Türkiye'de yükselen gerilim ve darbe söylentileri önümüzdeki cumhurbaşkanlığı seçimi ve genel seçimlerin tarihi bir dönüm noktası olacağı kanısını güçlendiriyor. Modern Türkiye'de ilk kez İslam esinli bir siyasi parti devletin en önemli iki kurumunu, cumhurbaşkanlığı ve parlamentoyu kontrol edecek. Erdoğan başbakan kalsa bile bu böyle olacak, çünkü cumhurbaşkanını AKP'nin çoğunluğu oluşturduğu meclis seçiyor. Pek çok kimse Türkiye'nin laik devlet yapısındaki bir gerilemeden ve dış politikasının Batı'dan uzaklaşıp İslam dünyasına yakınlaşacak biçimde yeni bir yöne girmesinden endişe ediyor.
Yürütme ve yasama erklerinin denetimi AKP'ye üniversite rektörleri ve önemli bürokratları atama, mevzuat ve toplumsal teamüllerin önemli unsurlarını değiştirme yetkisini veriyor. Çok sayıda hâkimi atama yetkisiyle aslında AKP Türkiye'deki demokrasinin tüm unsurlarını kontrolü altına alacak. Türkiye'deki en özerk kurum konumundaki ordu bile AKP'li cumhurbaşkanının terfilere müdahale etmesinden kaygılanıyor.

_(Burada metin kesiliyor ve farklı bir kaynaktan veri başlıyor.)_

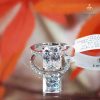 nhan-kim-cuong-nhan-tao-cao-cap-moissanite-n1381-tu-an-moissanite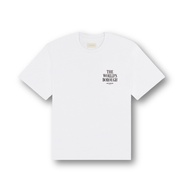 Aime Leon Dore The World’s Borough Tee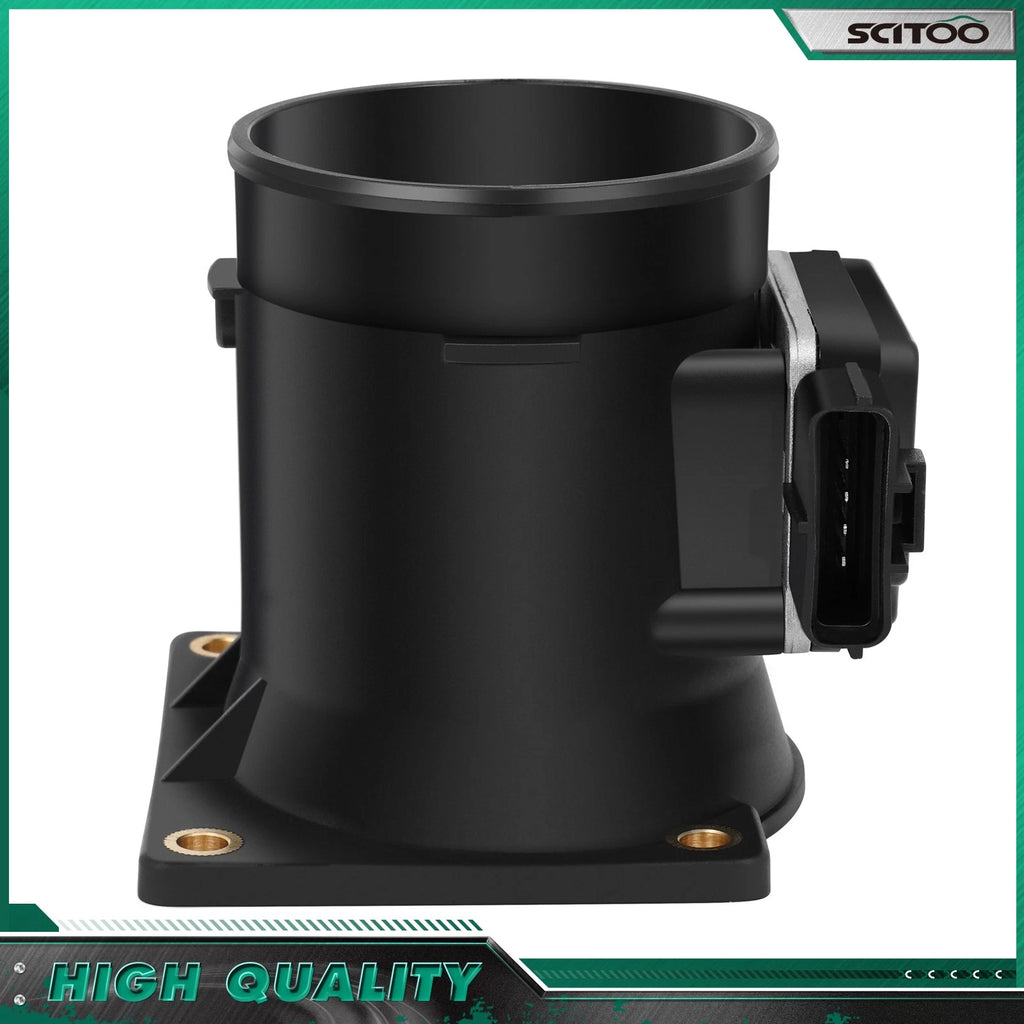 Air Flow Sensor Mass Meter for Ford Crown Victoria Grand Marquis (1996–2002)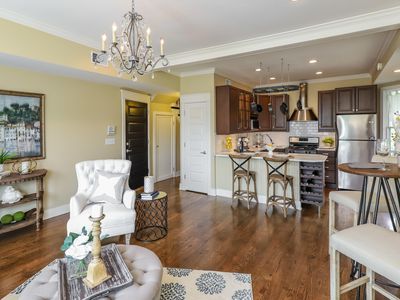 175 N Keats Ave #3-2, Louisville, KY, 40206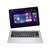 ASUS prenosnik Transformer Book T200TA 32 GB (90NB06I4-M00770)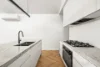 14 Merrijig Street, Werribee, Vic 3030-Image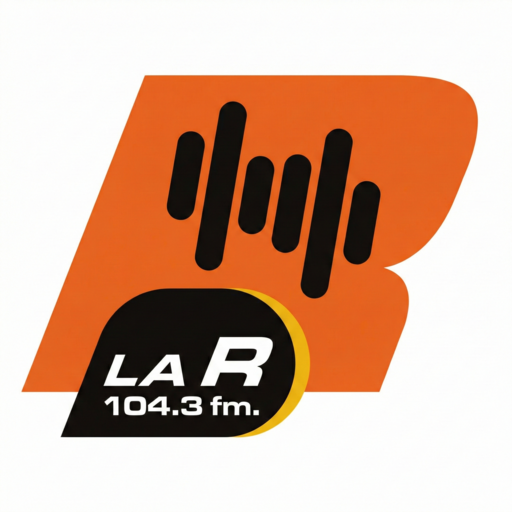 La R ( El Seibo)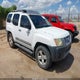 5N1AN08W56C534029 2006 Nissan Xterra Se auction photo thumbnail 1
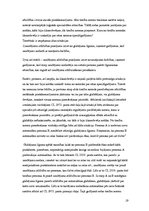 Referāts 'Tiesību normu definīcija, iztulkošana, struktūra, un kolīziju normas', 19.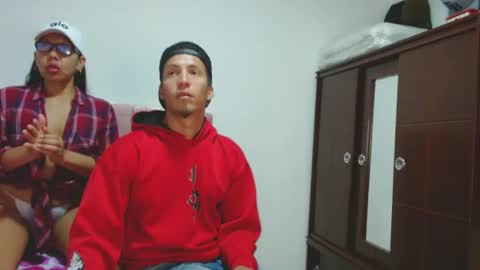 danny and ruby online show from 12.16.24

Dört yıllık icraat İslamcı değildi
Laiklerin çoğunun öncelikli endişesi şeriatın getirilmesi değil, dinin Türkiye'deki hayat tarzının tüm alanlarına daha fazla nüfuz etmesi. AKP içindeki pek çok kesim dini okulların konumunun güçlendirilmesine, özellikle üniversitelerde olmak üzere türban yasağının gevşetilmesine yoğun destek veriyor. Kısacası Türkiye'deki hayat tarzının doğası değişecek.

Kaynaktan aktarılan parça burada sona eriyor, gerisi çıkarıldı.